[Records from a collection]
[Start of section]
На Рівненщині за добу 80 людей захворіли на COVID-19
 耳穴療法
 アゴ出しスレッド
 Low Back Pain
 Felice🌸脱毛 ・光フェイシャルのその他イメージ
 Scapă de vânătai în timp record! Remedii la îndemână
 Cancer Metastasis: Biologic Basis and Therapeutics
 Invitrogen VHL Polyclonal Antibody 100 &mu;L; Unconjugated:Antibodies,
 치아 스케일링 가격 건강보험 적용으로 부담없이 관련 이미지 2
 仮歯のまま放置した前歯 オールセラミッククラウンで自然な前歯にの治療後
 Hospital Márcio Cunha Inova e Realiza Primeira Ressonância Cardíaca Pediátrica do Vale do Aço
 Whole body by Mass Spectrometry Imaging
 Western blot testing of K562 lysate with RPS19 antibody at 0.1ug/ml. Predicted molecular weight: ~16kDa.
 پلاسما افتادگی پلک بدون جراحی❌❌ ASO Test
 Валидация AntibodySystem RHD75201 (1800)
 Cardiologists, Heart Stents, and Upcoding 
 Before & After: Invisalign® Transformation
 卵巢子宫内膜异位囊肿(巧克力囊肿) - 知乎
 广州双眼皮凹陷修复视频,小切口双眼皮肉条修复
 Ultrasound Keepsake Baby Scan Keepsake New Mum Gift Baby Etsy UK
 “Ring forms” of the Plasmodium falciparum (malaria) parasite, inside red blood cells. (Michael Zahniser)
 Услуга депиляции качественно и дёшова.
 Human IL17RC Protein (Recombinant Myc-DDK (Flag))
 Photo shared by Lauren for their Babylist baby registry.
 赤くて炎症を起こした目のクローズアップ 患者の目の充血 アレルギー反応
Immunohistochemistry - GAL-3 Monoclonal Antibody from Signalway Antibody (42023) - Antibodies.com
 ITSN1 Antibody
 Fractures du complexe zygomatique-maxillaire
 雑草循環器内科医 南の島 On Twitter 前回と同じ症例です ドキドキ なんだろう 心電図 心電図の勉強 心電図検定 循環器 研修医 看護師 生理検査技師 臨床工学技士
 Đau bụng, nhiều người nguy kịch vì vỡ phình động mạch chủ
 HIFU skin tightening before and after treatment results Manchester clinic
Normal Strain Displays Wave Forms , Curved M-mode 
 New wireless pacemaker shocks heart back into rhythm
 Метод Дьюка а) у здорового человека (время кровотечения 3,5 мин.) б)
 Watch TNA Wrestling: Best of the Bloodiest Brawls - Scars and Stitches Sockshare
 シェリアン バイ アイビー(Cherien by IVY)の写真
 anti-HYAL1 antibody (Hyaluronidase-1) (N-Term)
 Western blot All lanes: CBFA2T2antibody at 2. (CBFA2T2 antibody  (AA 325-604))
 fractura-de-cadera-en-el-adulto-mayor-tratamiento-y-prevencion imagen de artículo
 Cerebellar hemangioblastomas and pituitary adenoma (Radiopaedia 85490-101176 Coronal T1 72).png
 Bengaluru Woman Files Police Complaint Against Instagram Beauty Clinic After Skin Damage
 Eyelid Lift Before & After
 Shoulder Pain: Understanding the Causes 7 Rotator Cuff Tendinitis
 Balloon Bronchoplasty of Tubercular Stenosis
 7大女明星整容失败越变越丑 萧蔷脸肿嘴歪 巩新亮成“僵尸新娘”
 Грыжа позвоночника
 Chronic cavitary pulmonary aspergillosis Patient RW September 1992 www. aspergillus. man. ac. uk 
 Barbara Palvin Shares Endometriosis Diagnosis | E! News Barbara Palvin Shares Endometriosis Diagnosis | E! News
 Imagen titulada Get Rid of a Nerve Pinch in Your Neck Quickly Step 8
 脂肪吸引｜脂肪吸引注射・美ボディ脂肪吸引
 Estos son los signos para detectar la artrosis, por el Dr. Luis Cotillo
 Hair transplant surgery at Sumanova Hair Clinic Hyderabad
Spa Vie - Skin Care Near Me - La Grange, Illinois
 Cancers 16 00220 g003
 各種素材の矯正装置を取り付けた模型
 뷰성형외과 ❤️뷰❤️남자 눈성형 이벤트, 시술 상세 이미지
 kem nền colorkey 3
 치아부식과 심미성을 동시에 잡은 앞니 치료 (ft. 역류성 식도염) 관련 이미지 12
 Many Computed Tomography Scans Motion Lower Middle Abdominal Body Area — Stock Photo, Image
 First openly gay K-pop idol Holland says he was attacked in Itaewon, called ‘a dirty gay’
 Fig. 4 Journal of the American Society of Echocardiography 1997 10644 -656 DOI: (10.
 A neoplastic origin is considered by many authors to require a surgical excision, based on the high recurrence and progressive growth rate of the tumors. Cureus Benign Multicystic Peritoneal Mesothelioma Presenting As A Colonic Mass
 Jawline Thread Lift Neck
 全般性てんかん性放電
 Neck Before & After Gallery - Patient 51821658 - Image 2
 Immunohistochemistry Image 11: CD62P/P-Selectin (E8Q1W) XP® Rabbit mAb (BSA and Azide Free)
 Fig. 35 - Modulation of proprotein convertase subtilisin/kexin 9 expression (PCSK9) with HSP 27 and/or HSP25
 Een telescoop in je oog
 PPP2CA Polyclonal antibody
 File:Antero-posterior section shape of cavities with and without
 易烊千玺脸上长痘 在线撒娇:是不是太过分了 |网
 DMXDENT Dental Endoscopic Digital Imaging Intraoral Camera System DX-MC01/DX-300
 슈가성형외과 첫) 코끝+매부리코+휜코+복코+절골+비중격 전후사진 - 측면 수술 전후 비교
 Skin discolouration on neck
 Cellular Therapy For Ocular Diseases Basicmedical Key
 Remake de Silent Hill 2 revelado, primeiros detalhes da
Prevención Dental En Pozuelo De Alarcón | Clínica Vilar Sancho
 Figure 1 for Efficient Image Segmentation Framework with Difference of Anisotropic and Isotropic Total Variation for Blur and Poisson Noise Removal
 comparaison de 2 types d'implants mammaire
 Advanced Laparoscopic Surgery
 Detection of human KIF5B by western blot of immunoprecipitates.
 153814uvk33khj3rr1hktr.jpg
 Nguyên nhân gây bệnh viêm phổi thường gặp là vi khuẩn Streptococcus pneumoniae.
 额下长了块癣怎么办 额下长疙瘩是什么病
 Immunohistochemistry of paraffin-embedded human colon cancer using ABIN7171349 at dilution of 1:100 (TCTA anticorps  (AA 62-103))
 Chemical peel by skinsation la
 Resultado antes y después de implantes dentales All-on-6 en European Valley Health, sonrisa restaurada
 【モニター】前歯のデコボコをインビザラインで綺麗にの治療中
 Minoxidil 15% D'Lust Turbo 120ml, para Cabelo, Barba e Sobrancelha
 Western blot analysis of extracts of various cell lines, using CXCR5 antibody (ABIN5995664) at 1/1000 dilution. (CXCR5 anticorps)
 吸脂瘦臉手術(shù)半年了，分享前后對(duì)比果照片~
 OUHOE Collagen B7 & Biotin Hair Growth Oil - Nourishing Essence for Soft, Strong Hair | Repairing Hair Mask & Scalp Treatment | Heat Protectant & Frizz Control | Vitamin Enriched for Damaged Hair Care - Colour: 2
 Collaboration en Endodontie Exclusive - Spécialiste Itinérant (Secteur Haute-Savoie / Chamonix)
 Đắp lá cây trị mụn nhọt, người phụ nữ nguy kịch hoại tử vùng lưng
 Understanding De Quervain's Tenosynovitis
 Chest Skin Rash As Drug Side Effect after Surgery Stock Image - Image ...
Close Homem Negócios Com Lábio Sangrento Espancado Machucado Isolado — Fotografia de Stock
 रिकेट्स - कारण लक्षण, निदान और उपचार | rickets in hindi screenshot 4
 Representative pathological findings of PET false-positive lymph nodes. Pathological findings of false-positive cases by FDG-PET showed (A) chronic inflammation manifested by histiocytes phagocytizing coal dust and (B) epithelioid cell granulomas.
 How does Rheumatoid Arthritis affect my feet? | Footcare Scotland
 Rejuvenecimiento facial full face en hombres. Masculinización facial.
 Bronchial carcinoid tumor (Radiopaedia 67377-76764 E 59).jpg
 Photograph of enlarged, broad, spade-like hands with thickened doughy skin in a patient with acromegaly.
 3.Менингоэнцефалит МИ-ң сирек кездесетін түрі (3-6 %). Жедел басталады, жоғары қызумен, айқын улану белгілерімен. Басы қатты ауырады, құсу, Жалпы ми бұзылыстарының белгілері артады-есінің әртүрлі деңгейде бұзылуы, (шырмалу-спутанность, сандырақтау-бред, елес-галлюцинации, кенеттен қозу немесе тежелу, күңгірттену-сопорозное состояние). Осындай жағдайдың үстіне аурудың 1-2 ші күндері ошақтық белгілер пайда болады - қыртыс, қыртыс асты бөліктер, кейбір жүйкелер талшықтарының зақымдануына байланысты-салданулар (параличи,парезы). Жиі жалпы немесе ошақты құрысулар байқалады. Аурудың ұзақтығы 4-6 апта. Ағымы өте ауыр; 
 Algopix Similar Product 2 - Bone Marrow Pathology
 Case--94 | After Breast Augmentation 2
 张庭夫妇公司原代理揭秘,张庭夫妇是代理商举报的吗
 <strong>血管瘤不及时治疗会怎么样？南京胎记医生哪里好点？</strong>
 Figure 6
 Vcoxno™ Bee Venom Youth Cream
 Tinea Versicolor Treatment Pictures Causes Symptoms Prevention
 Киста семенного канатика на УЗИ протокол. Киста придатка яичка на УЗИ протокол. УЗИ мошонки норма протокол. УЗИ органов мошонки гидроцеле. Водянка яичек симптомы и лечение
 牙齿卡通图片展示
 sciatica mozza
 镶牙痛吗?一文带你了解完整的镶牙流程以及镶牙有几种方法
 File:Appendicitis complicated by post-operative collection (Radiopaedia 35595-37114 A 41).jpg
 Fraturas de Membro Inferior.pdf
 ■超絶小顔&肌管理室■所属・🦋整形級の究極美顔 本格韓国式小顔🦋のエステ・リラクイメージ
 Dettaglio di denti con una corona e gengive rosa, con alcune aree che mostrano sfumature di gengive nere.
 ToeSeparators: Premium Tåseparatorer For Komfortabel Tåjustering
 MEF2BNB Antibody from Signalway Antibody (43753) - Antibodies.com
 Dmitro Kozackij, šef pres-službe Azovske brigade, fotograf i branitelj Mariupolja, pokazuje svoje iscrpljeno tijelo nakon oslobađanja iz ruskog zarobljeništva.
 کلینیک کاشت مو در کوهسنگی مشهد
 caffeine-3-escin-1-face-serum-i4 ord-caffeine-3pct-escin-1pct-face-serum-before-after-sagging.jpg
[End of section]
■ **YOUR INSTRUCTIONS**
Count every line that holds the word "Lift" in the entries, and state the result alone.

■ **ANSWER SPACE**
2